Otro artículo de la serie destinada a la formación de revolucionarios.
Es decir, no debemos temer a la violencia, la partera de las sociedades nuevas; sólo que esa violencia debe desatarse exactamente en el momento preciso en que los conductores del pueblo hayan encontrado las circunstancias más favorables. -CHÉ/septiembre/1963-
Por, Martín Guédez
¿Cuál es nuestro objetivo?, ¿Cuál nuestra lucha?, ¿Qué formas debe adquirir? Son buenas preguntas. Un primer eje transversal sería que nuestro objetivo es el socialismo como comunidad de amor y justicia.

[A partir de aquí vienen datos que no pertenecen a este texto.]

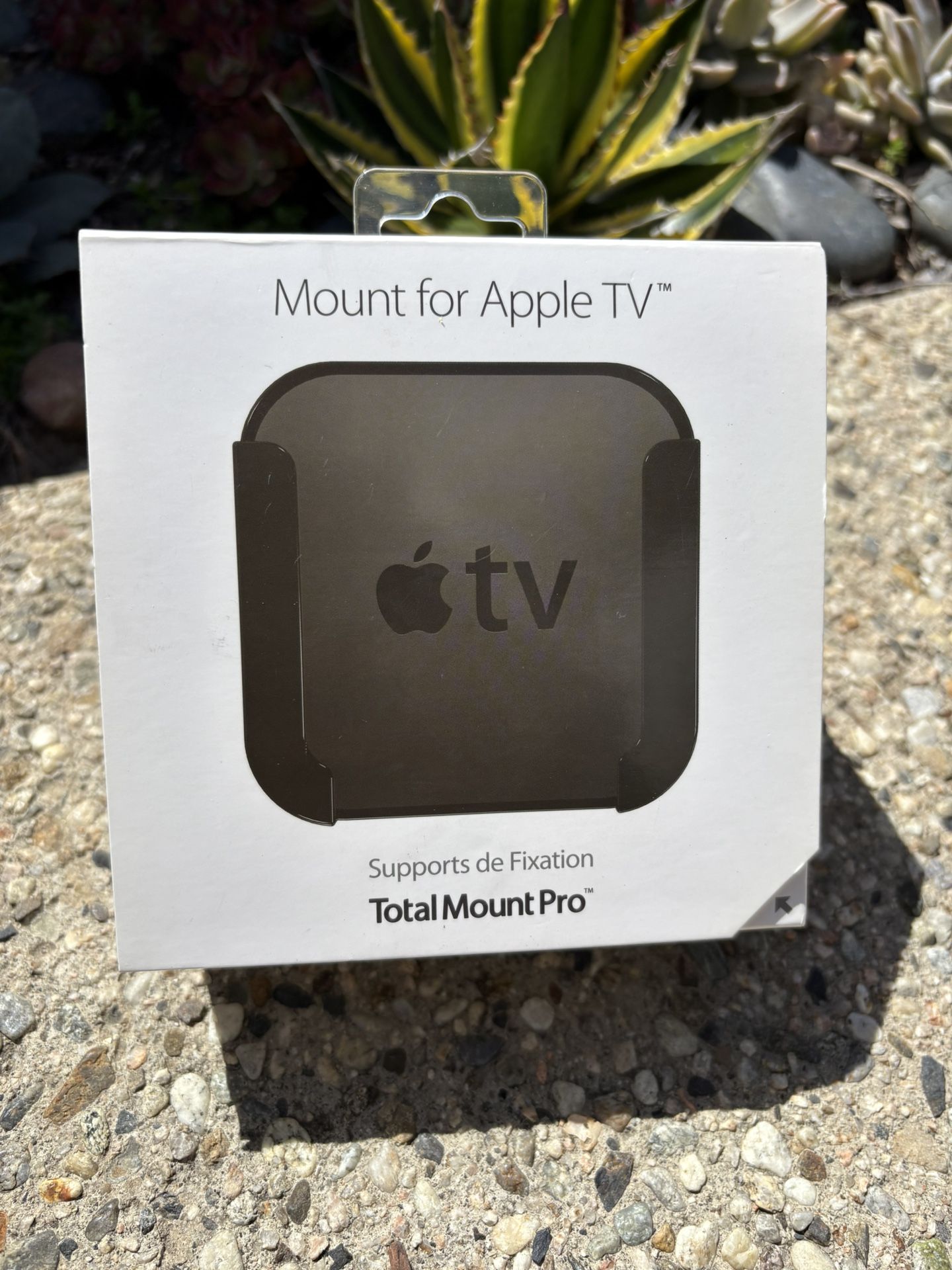Apple TotalMount Pro Apple TV Installation System for Wall-Mounted Televisions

Recalcar que creemos en que el socialismo es una experiencia de amor y un valor absoluto para el hombre y la salvación para la humanidad. Por eso lo llevamos y nos sentimos elegidos y privilegiados por hacerlo. Porque, en primer lugar, lo hemos experimentado en nosotros y queremos participarlo a los demás. No se puede dar de lo que no tenemos. Sólo podemos dar aquello que poseemos. El socialismo se contagia como la gripe, por contacto y con el ejemplo. Hay que respirárselo en las narices a la gente.

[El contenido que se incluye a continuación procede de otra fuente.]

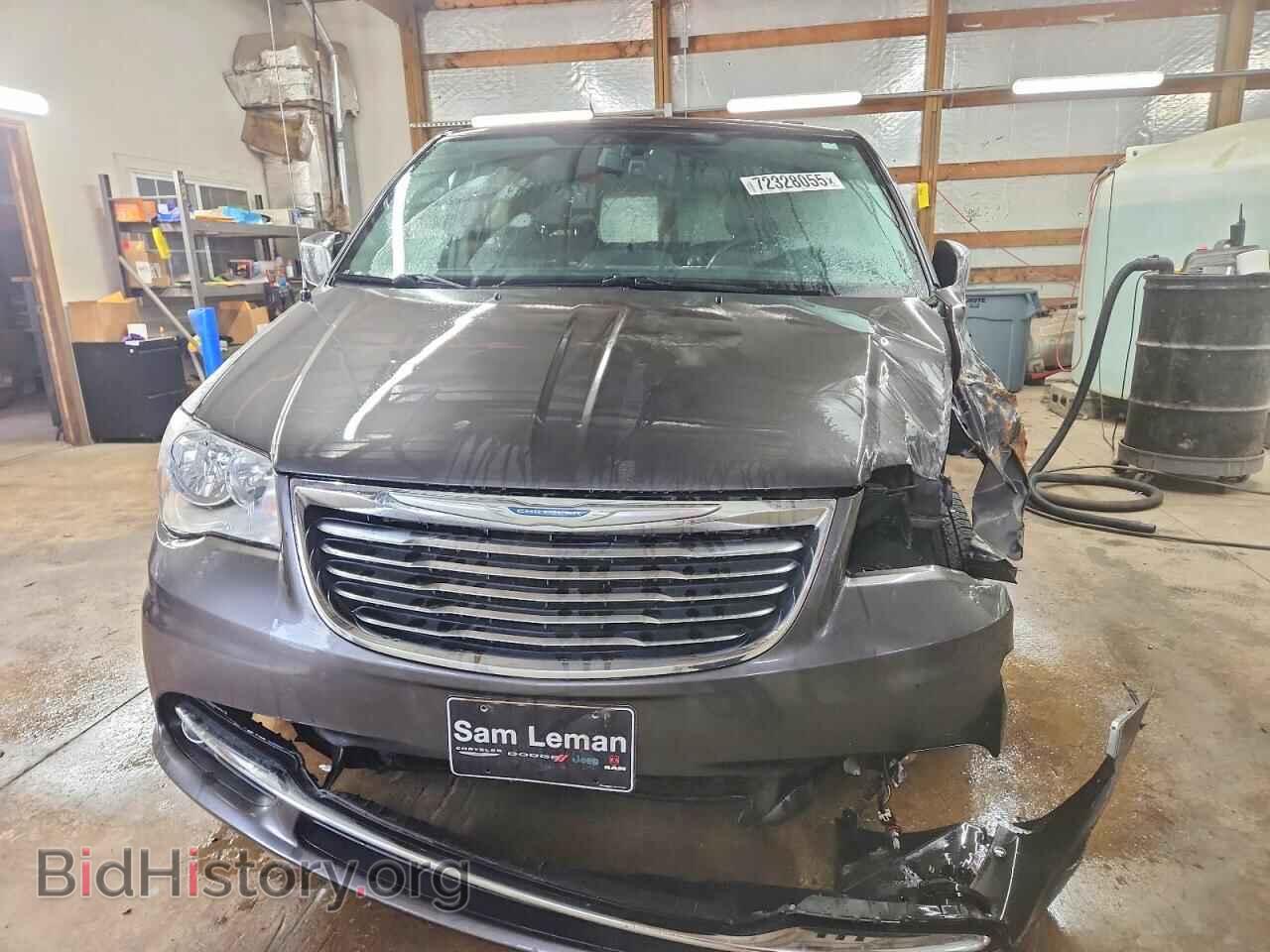 2016 CHRYSLER MINIVAN - VIN: 2C4RC1CG6GR221485 - Фото 5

Este anuncio socialista incluye, por supuesto, una preparación ideológica de alta calidad, un conocimiento profundo de los problemas de la justicia. Un encarnarse en el pueblo sabiendo que uno forma parte de ese pueblo y está allí en nombre de la Revolución, experimentando sus valores, sus luchas y sueños para formar al hombre nuevo desde nuestra propia condición de tal.
A la sociedad venezolana la empujan muchas fuerzas. Esta sería un segundo eje. No todas estas fuerzas son malas. Hay quienes a su manera trabajan por mejorar la situación del hombre, especialmente en los niveles de una mayor justicia social, igualdad y participación. Ellos también deben ser tomados en cuenta. Hay que convencerlos también de que sólo el socialismo posee los valores imprescindibles para la construcción de un mundo nuevo. ¡Cuanta gente buena se limita a la caridad reparadora sin profundizar en la eliminación de las causas! Esa gente buena debe ser incorporada, convencida, ganada para la causa socialista.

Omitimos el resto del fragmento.